Task to carry out:
The expected output is an exact copy of each line from the line with "Skleněná deska do" through the end of the data below, with no pictures in it.

(Web page caption snippets)
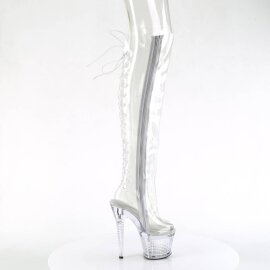 Pleaser SPECTATOR-3019C Plateau Overknee Stiefel Transparent EU-36 / US-6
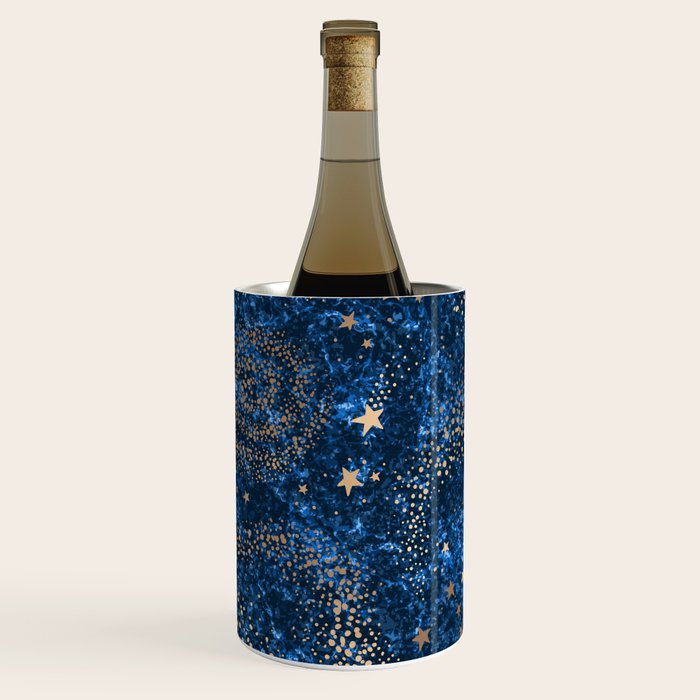 Magical Starry Night Sky Golden Cosmic Swirls Wine Chiller Gallery Image 2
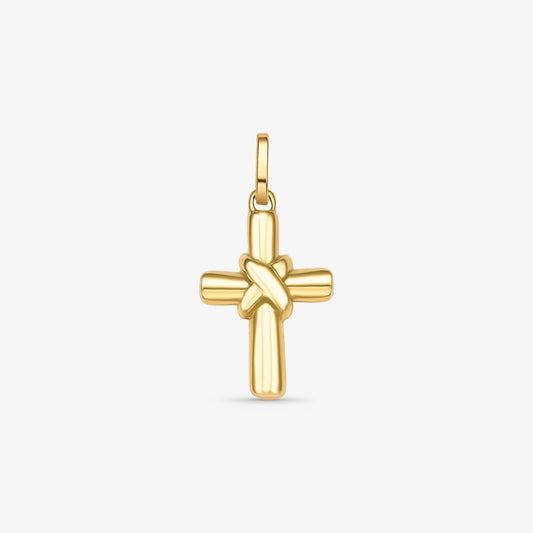 Pingente Cruz Pequena Corda em Ouro Amarelo 18K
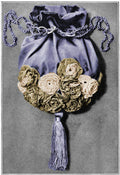 Satin Drawstring Handbag with Roses Antique Crochet Pattern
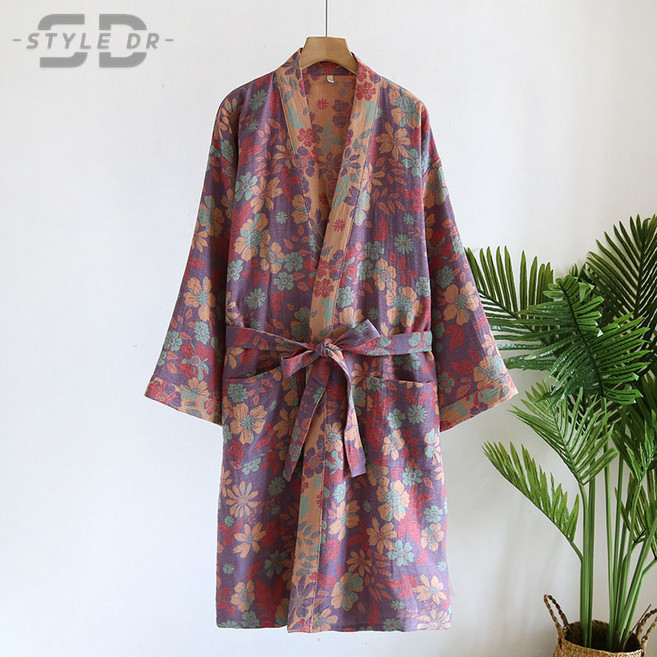 스타일닥터 여성 춘추 가운 실내복 거즈 잠옷 찜질복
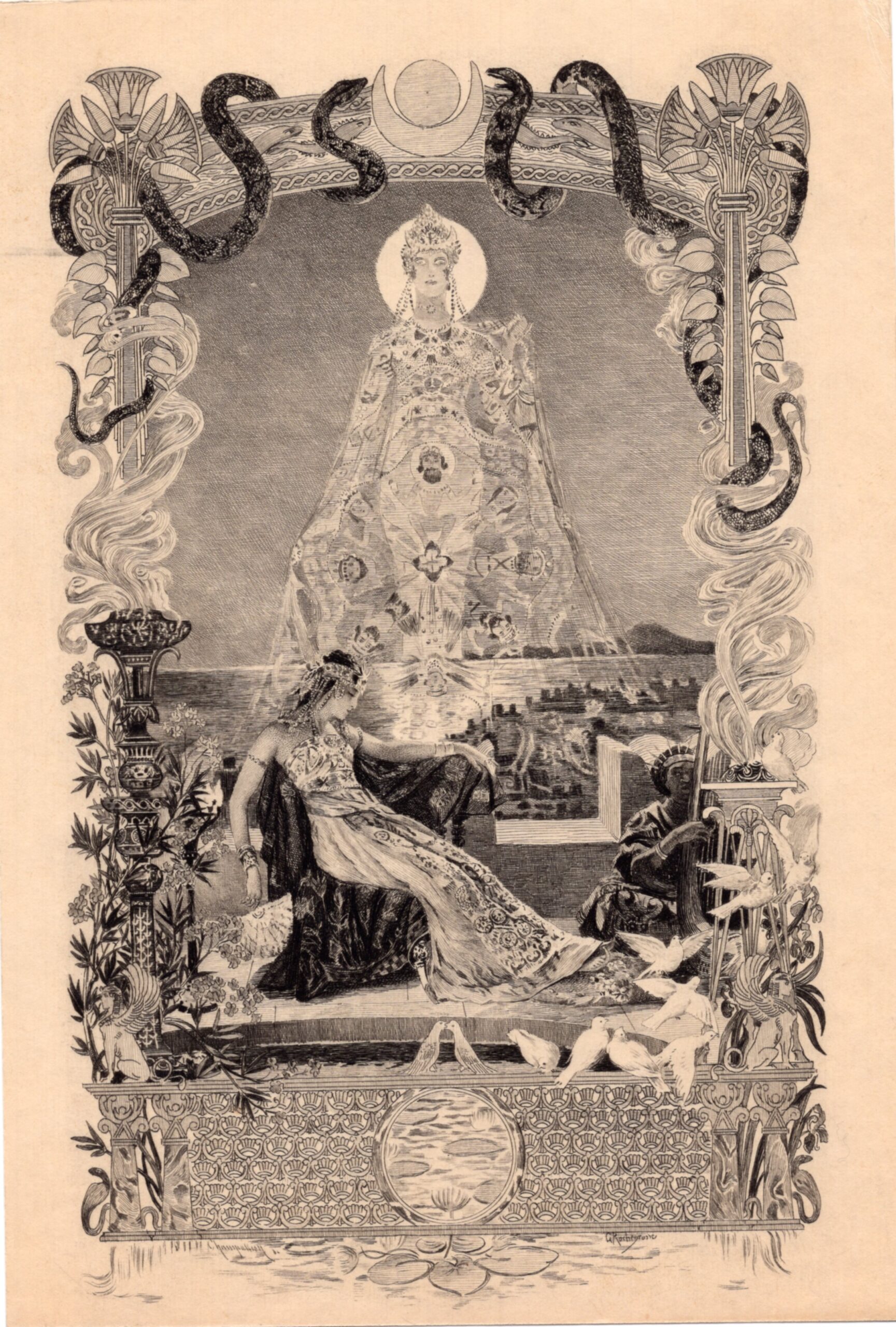 Georges-Antoine Rochegrosse, Salammbô, Salammbô et Tanit, 1900, eau-forte, Musée Flaubert et d’Histoire de la Médecine, Rouen © Réunion des Musées Métropolitains Rouen Normandie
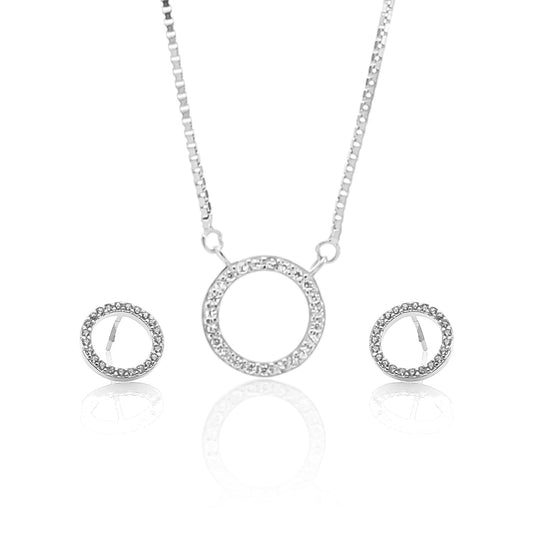 Circle of Life Pendant Necklace and Earrings Set - ARJW1021RD ARCADIO
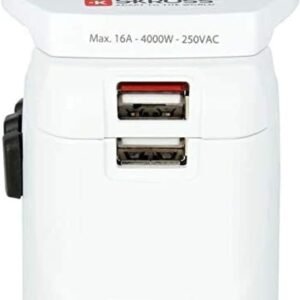SKROSS Pro Light World Travel Adapter with USB | 3-Pole Travel Adaptor with Slide System | Designed for 200+ Countries | Compact and Reliable | White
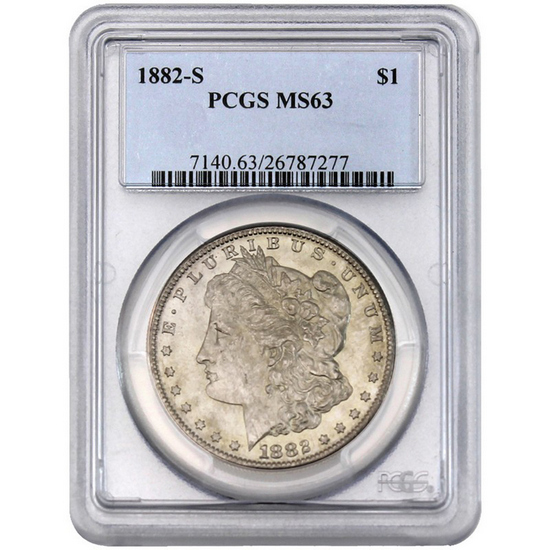 1882 S Morgan Silver Dollar MS63 PCGS Blue Label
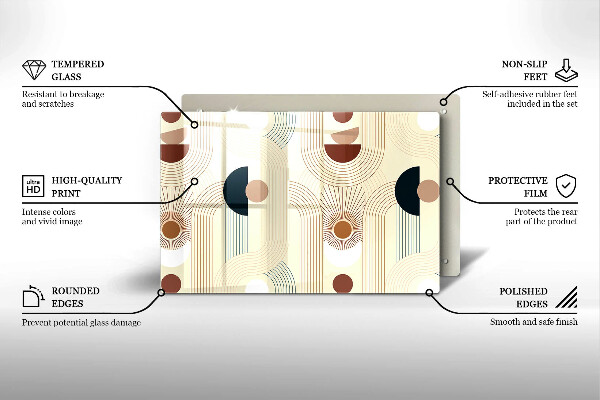 Skleněná deska do kuchyně Boho geometrické tvary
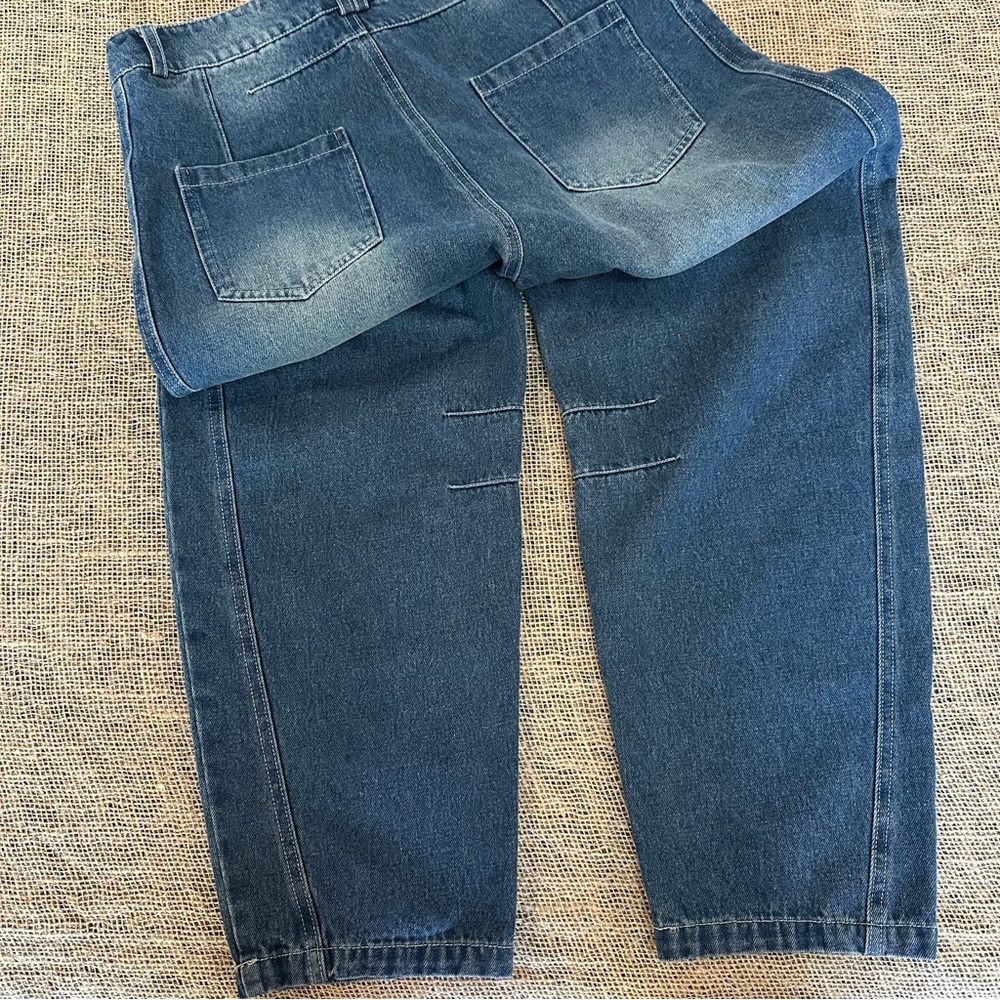 Barrel Leg Jeans Dark Blue Denim Faded Wash Seems NWOT no brand - Picture 8 of 9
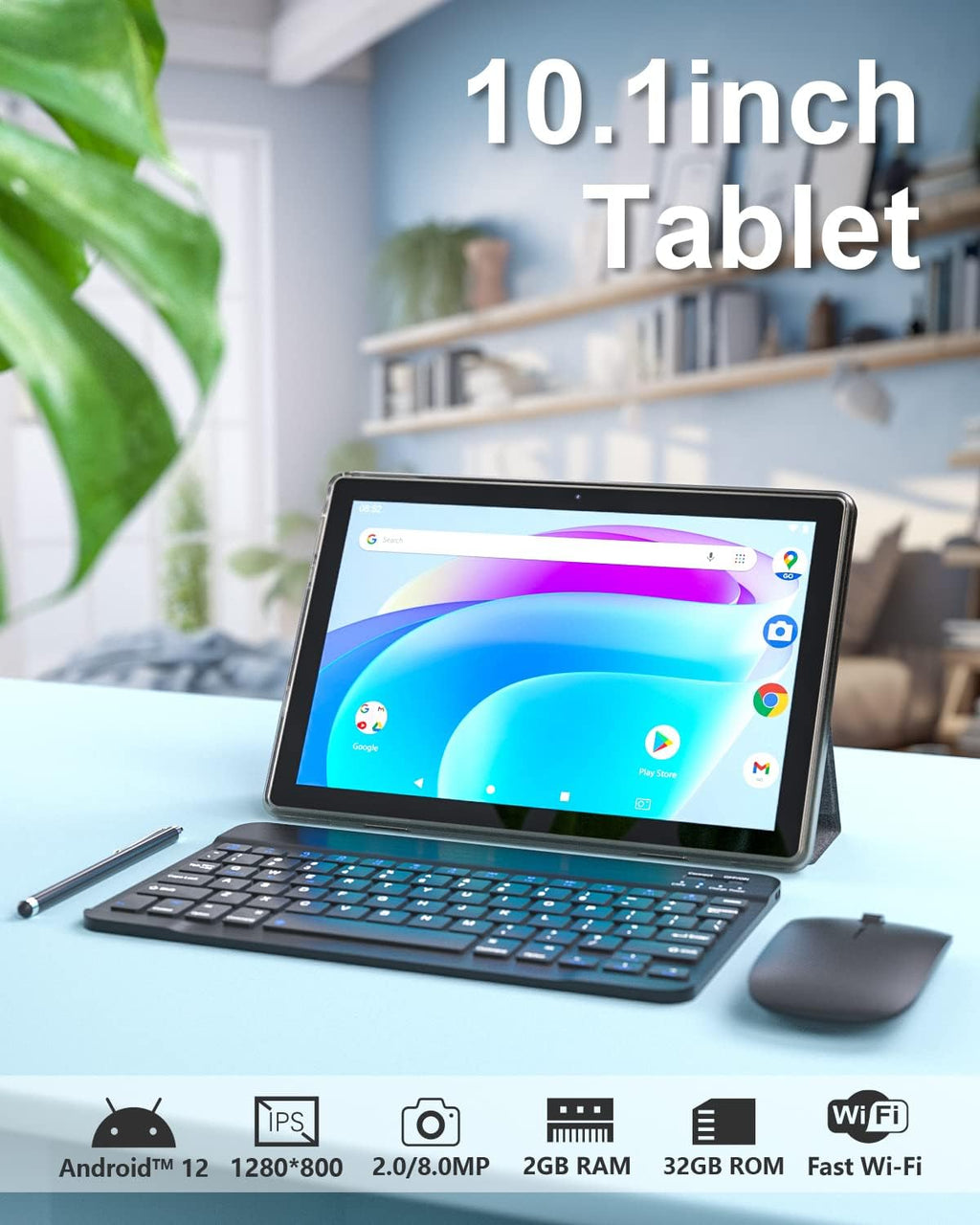 10.1 Inch Android 12 Tablet with Keyboard, 2GB RAM, 32GB ROM, 512GB Expandable V921681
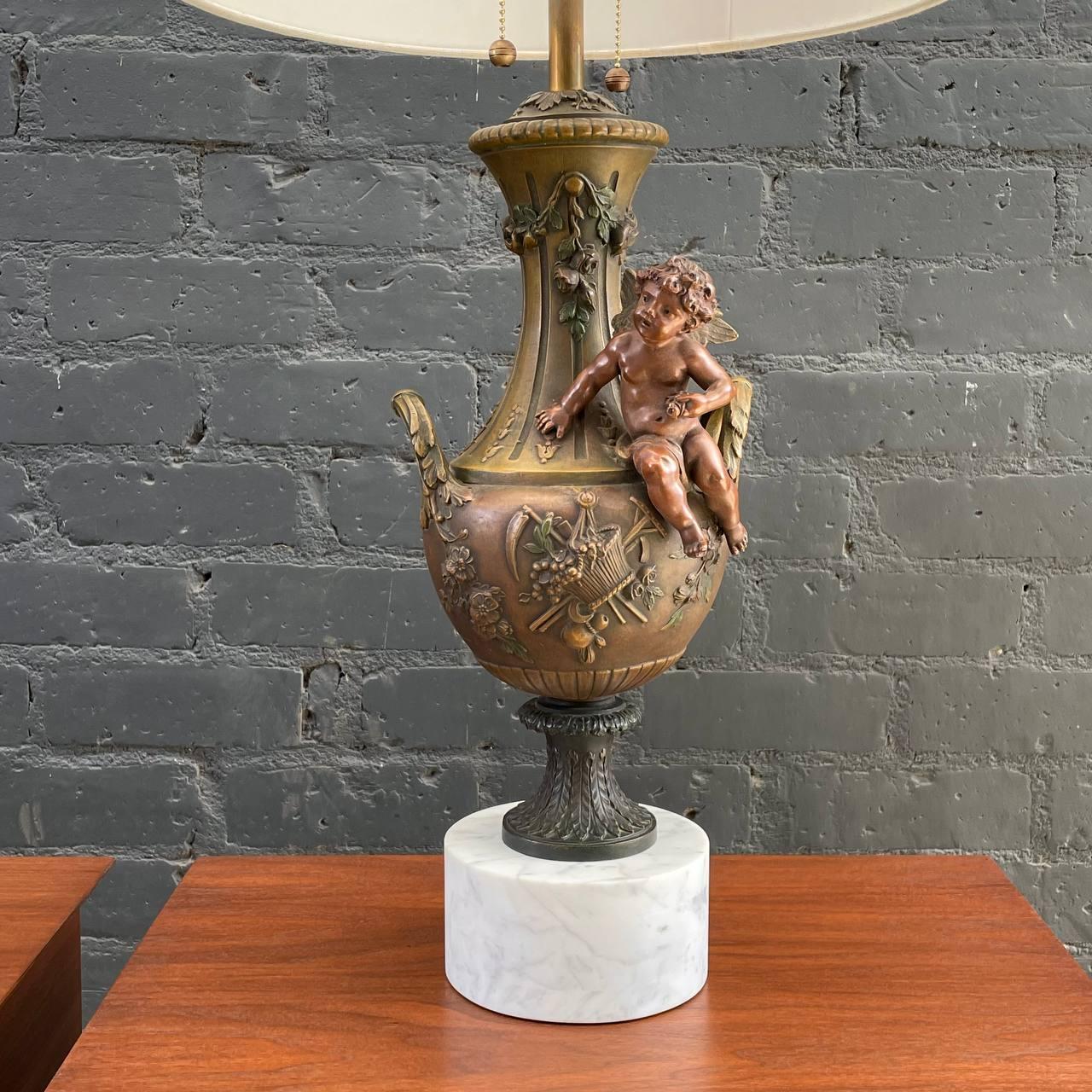 Pair of Antique French Classical Urn Style Table Lamps with Cherubs  For Sale 4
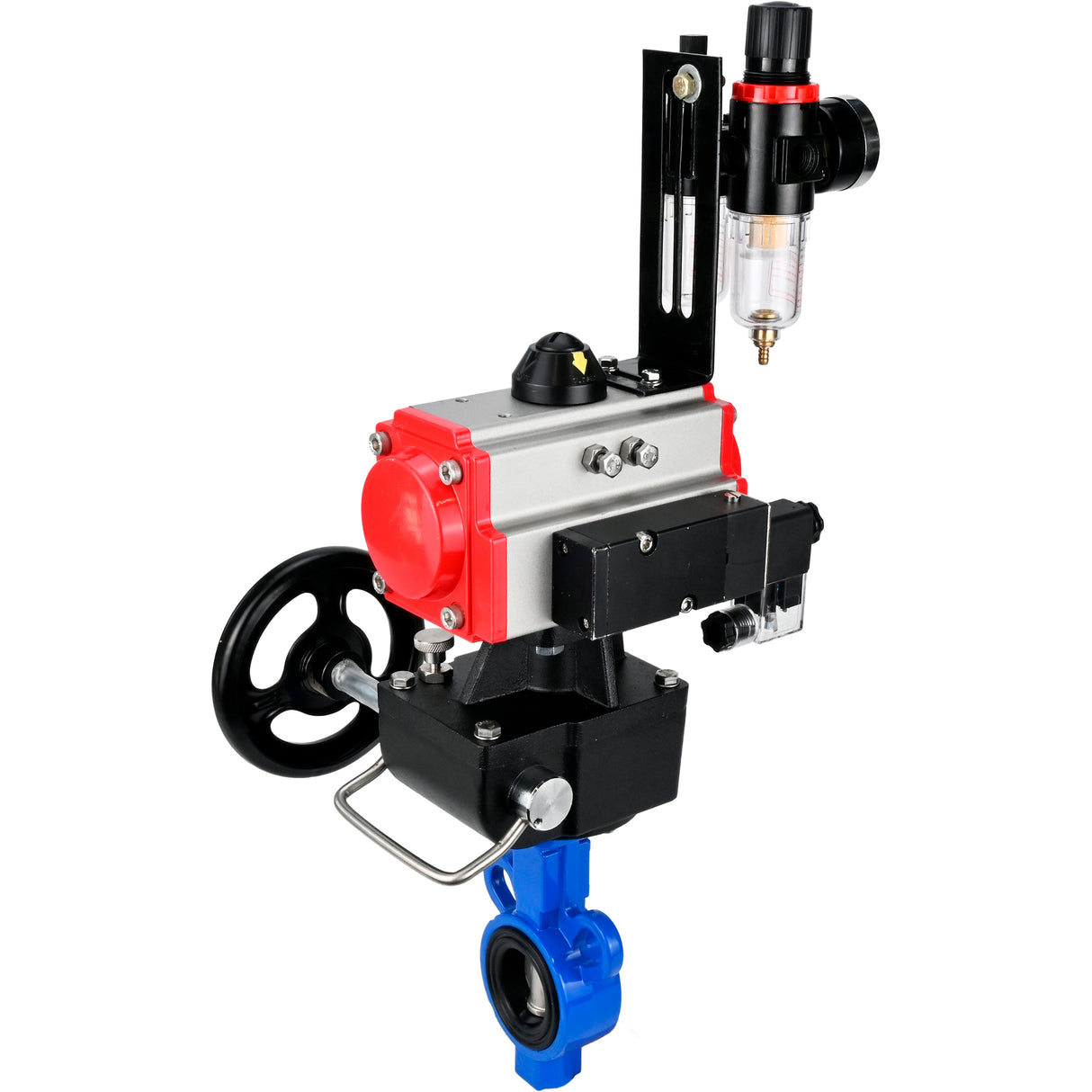 Wasser-Schmetterlingsventil Elephant al-316l-epdm-elephant-da-4m310-110/220-hdm-afc2000, Gehäusematerial - Aluminiumlegierung, Scheibenmaterial - Edelstahl AISI 316L, Dichtung - EPDM, pneumatisch betätigt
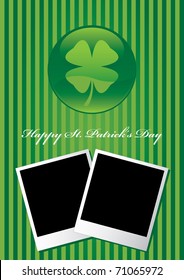Happy St Patrick's Day card vector with two blank picture frame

Answer space:
 Skleněná deska do kuchyně Boho geometrické tvary
 Barrel Leg Jeans Dark Blue Denim Faded Wash Seems NWOT no brand - Picture 8 of 9
 10.1 Inch Android 12 Tablet with Keyboard, 2GB RAM, 32GB ROM, 512GB Expandable V921681
 Pair of Antique French Classical Urn Style Table Lamps with Cherubs  For Sale 4
 Wasser-Schmetterlingsventil Elephant al-316l-epdm-elephant-da-4m310-110/220-hdm-afc2000, Gehäusematerial - Aluminiumlegierung, Scheibenmaterial - Edelstahl AISI 316L, Dichtung - EPDM, pneumatisch betätigt
Happy St Patrick's Day card vector with two blank picture frame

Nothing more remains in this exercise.